Friends in Beloved Community,
Today's Supreme Court ruling--gutting "affirmative" action--is another blow to the democratic experiment in our country, and marks a terrible victory for the politics of division, grievance and white privilege.
I believe that we are called--Children of God, friends of Jesus--to radically resilient hope; but today's ruling tests that hope anew. And we cannot be silent or cynical in our response. We are named Christian because we take Christ's commitments as our very own--and these commitments insist on action for justice, equality and reparations for the terrible racism and oppression at the heart of our national story. This moment requires our courage. And action.

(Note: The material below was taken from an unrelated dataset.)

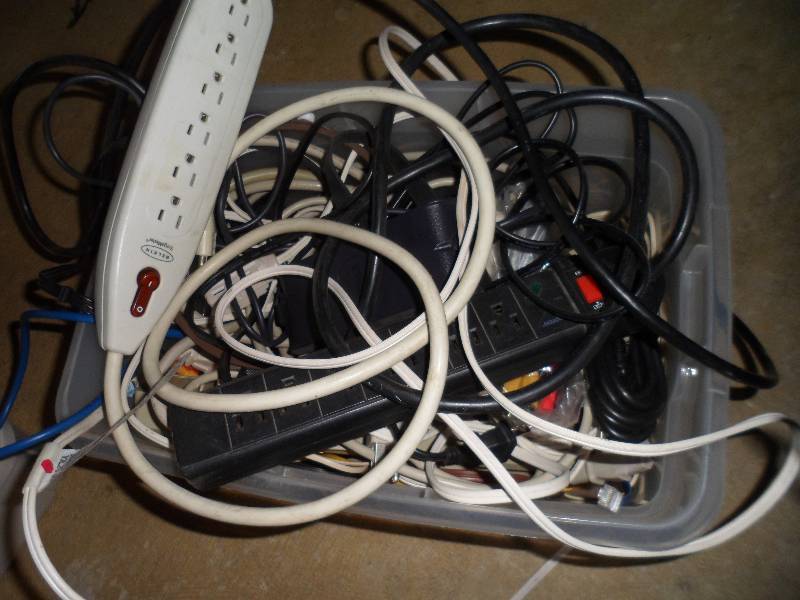 lot 22 image: Tub of Cords & Power Strips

Perhaps most devastating, this morning, is the way in which the Court's ruling came to pass. Much like the ruling overturning Roe v. Wade, this one is the result of right-wing strategy and political manipulation. That same right-wing recognized that the American people want to protect women's reproductive rights and freedoms. So they set about rebuilding the Supreme Court in their own image--denying Barack Obama's pick when Justice Scalia died, and filling spots quickly and brazenly during Trump's misguided presidency. They've succeeded in seating a Supreme Court whose values are decidedly unpopular and (most importantly) grounded in right-wing ideology and religion. That's not who we are. And that's not how our democracy will survive and thrive. This may be Mitch McConnell's Court. It may be Donald Trump's Court. It's clear today that it's not the American people's Court.
In her own powerful dessent, Justice Ketanji Brown Jackson writes that the majority has "detached itself from this country's actual past and present experiences." This is a pointed and even devastating critique. According to CNN, Justice Sonia Sotomayor spoke from the bench this morning and "talked about the profound mistake that the majority is making here. She said it would close the doors of opportunity to people across the nation--for schools, for business, for the military..."
To the church today, I offer this: We have work to do. We must bear witness.
We can and we must hear the pain, the anger and the profound fear coming from communities of color across the nation. We can and we must speak truth to power in this moment. In these days of distrust and division, we must dig deep and find anew the hope that is planted within us. We see before us a world of shared prosperity, equal opportunity and racial and economic justice. We hear in our own tradition a loud and clarion call to participate in the dismantling of white privilege and then to build that new world of communion and community for all. We will find allies to do this work in a robust and decidedly American spirit--fueled by democratic hope, inspired by democratic pioneers and awake to the presence of the divine in all peoples, races, traditions and faiths.
As Justice Sotomayor said from the bench this morning: "We shall overcome."